Pick Lance when: you want consistent style across image + edit + video from one model, you're prototyping a multi-task pipeline and the "one model" angle matters, or you need permissive licensing on the unified workflow. Pick specialists when: you want highest-quality raw image gen (FLUX.2 Klein > Lance at >768²), longest / highest-quality video (Wan 2.2 TI2V-5B or HunyuanVideo > Lance at >480p), or fastest VQA in chat (Qwen2.5-VL is always warm on the H200, Lance has to cold-load).
Text→image and image-edit: 5,000 tokens (matches FLUX-class image gen). Text→video: 15,000 tokens (matches CogVideoX / Wan 5B class). Image+video VQA: 1,000 tokens. The higher cost vs SDXL (1,000) reflects Lance's heavier cold-load — every call evicts the rest of the warm fleet and re-loads 40 GB of weights, which adds 25-40 s on top of the inference itself. We're billing for total wall-clock GPU time, not just inference.
After cold-load (~25-40 s): image gen ~12-20 s, image edit ~15-25 s, text→video ~60-180 s (depending on num_frames), VQA ~3-8 s. Every Lance call cold-loads the model because it can't co-resident with the rest of the warm fleet on the H200, so the cold-load delay is part of every call, not just the first.
Image generation and image edit are fixed at 768×768. Video generation is fixed at 480p (typically 480×848 landscape) and capped at 121 frames (~5 seconds at 24 fps). These are the resolutions Lance was trained on; pushing higher requires upscaling via a separate model (try /image/upscaler/ for images or /video/upscaler/ for videos).
Janus (DeepSeek) and Show-o split understanding and generation into separate heads on a shared backbone; Lance is more tightly unified — one set of generation+understanding heads with explicit task tokens. Emu3 (BAAI) tokenizes everything as discrete tokens including pixels, which gives it cleaner autoregressive generation but lower quality at fixed compute. Lance's pitch is the four-task coverage in 3B active params plus its Wan-derived VAE which handles video natively (Janus and Show-o are image-only).
Apache 2.0 — both the weights (huggingface.co/bytedance-research/Lance) and the GitHub repo (github.com/bytedance/Lance). No territorial restrictions, no MAU cap, no non-commercial rider, no research-only clause. Outputs are yours to use commercially with no royalties or attribution requirements beyond the standard Apache 2.0 license text.
40 GB minimum per ByteDance's README. The 3B active params are deceptive — the full Qwen2 LLM + Wan VAE + Qwen2.5-VL ViT all sit in memory together. To self-host you'd need a single A100 80 GB, A6000 48 GB, or an H100/H200 with at least 40 GB free. We run it on our H200 (141 GB total) but it still evicts the rest of the loaded models per call because it's the heaviest single-shot on the box.
Yes — POST JSON or multipart to /v1/multimodal/lance/ on api.free.ai with {task: "t2i" | "image_edit" | "t2v" | "vqa", prompt: "...", image: <upload> or image_url: "/static/outputs/..."}. Bearer auth via developer API keys. Response includes job_id, output URL, and share_token. /api/ has curl examples per task.
We mark Lance experimental because cold-load latency means it's not a great fit for high-volume traffic — every call evicts the warm fleet and reloads. We may add a "warm Lance" tier later if usage justifies dedicating a slot, or we may add a second H200 specifically for unified models.

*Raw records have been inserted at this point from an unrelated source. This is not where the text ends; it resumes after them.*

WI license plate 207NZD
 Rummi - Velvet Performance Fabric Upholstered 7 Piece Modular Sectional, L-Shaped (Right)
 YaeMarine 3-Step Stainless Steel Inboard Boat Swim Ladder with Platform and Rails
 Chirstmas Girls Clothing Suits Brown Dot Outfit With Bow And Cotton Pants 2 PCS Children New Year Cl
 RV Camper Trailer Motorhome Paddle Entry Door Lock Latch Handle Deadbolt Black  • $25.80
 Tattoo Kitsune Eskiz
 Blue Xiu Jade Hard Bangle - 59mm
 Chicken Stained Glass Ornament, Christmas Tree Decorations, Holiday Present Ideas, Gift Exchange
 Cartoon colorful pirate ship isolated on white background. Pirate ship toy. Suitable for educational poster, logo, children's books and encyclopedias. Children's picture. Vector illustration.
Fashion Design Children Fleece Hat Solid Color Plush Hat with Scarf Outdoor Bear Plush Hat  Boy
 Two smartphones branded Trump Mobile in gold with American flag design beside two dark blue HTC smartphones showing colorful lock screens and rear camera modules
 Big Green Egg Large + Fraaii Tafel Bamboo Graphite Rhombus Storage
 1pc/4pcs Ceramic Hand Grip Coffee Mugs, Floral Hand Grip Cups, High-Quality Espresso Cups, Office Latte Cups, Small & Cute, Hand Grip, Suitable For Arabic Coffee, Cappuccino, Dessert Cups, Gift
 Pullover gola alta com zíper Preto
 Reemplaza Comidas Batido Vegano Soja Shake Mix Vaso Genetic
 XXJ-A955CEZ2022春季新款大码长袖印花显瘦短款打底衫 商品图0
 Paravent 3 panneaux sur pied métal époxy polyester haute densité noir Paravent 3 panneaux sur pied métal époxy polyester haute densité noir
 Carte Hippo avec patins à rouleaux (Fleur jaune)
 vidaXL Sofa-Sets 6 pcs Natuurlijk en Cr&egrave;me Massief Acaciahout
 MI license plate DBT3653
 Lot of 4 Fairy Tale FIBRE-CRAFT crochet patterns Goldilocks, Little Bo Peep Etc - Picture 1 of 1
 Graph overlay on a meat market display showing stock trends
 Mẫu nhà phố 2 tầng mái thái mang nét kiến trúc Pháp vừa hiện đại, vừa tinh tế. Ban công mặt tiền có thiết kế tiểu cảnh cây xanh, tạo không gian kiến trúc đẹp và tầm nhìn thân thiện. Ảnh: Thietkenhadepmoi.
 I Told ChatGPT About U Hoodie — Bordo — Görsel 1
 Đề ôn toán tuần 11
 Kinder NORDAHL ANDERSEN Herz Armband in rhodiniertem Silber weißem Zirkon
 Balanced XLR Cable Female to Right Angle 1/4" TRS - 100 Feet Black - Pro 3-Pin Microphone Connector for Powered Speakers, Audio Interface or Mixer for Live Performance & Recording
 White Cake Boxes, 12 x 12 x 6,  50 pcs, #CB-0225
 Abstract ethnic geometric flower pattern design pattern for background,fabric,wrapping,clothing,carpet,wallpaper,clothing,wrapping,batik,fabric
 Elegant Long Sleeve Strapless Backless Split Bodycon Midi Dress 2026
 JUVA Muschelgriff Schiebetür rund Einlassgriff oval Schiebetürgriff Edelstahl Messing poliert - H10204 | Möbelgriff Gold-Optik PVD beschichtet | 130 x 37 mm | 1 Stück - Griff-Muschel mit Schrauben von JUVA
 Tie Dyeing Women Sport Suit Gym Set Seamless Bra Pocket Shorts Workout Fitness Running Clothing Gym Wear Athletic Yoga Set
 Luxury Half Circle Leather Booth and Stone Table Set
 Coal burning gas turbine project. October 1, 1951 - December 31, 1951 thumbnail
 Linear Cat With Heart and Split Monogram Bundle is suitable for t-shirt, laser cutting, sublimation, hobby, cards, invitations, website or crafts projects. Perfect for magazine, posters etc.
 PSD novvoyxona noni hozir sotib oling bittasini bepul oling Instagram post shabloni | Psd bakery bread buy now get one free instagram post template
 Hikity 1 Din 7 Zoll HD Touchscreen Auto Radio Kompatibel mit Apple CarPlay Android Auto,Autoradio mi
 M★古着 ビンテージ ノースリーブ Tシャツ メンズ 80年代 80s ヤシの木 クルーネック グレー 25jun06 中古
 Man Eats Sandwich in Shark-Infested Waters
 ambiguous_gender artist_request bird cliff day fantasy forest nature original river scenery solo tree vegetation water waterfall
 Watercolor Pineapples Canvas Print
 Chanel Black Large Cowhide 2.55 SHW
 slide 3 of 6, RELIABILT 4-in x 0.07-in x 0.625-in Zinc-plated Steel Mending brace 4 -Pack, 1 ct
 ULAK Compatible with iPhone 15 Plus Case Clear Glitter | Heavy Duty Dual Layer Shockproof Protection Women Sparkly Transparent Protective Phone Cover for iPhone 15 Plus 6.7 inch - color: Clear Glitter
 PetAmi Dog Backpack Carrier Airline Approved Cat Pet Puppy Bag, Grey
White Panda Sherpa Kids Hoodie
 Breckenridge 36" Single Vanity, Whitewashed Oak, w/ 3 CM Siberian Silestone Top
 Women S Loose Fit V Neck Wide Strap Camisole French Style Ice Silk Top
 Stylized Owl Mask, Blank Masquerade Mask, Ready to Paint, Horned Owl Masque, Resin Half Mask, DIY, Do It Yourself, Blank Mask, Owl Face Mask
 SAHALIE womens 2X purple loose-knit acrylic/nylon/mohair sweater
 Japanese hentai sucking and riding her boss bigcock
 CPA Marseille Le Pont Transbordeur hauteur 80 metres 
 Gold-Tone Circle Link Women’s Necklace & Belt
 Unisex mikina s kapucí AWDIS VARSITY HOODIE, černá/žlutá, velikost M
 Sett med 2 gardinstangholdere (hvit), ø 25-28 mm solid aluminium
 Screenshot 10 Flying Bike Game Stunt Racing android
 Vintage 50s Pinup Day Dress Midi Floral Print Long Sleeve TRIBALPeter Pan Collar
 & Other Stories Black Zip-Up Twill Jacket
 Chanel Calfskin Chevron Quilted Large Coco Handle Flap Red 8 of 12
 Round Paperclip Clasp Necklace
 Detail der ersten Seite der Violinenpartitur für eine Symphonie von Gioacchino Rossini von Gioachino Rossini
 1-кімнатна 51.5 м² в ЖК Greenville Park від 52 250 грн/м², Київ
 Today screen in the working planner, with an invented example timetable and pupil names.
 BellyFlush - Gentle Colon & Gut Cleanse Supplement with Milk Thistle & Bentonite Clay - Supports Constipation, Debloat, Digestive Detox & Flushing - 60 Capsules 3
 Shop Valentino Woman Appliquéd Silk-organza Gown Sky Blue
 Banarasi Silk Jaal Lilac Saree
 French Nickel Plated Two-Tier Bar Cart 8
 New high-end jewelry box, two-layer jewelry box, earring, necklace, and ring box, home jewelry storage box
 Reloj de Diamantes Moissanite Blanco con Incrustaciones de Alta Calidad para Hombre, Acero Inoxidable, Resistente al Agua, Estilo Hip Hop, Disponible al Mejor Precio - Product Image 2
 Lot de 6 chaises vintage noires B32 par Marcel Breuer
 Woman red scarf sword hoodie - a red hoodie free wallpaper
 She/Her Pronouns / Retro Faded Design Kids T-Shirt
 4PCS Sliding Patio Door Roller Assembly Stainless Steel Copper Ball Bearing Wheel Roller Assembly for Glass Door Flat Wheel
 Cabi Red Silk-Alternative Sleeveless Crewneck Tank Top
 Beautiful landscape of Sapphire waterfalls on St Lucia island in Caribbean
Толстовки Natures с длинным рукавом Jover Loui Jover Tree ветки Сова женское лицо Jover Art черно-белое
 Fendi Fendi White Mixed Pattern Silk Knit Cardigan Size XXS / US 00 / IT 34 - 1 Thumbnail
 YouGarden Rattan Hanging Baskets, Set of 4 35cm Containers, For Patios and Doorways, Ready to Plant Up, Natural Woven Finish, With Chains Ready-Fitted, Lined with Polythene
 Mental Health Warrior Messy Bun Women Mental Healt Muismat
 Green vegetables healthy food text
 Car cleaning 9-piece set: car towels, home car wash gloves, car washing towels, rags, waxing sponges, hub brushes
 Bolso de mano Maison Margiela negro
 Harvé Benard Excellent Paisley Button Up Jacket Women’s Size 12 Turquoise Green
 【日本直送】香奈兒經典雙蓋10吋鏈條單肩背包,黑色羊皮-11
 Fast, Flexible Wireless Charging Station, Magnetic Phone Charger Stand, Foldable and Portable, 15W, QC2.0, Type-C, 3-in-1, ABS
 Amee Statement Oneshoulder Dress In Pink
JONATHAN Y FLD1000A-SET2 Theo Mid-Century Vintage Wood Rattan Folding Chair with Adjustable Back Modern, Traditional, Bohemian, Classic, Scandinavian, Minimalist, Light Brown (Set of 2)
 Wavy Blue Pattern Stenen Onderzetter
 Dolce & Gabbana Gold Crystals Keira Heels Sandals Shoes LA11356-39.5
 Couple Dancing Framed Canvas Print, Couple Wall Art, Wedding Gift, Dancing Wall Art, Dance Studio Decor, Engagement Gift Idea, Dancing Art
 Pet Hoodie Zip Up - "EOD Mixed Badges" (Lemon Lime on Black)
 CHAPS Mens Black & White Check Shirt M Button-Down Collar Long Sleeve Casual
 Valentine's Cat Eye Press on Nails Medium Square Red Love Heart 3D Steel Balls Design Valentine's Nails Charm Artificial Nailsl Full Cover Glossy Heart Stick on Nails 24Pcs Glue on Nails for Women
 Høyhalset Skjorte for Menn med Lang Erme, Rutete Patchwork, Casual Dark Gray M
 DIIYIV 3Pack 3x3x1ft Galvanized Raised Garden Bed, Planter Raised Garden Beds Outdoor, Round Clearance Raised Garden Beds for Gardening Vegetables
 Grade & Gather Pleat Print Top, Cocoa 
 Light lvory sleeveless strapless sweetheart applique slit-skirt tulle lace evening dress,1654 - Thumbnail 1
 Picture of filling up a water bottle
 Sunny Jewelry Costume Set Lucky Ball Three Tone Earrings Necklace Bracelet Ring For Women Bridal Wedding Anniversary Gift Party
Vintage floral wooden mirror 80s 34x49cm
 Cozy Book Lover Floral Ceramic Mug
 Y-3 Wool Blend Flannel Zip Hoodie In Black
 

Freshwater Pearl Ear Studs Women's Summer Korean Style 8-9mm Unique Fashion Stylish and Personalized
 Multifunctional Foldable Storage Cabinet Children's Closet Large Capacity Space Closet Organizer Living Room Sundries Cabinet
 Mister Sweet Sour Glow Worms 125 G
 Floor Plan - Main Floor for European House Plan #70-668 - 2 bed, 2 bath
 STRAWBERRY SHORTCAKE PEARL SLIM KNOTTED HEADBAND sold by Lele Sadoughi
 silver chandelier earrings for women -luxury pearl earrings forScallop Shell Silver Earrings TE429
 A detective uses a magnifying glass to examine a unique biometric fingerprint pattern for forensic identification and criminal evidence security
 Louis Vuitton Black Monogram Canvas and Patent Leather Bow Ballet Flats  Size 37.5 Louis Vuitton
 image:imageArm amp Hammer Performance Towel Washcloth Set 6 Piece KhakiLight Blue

For now it's available on the same token economy as the rest of Free.ai's self-hosted models with no surcharge, just the higher per-call token cost reflecting the wall-clock GPU time.
Uploaded images for image-edit and VQA are deleted immediately after the task completes. Generated outputs sit on our CDN for 24 hours (7 days for paid users) so you can re-download from /account/?tab=history. Nothing is shared with ByteDance — the weights run locally on our hardware. Full details at /privacy/.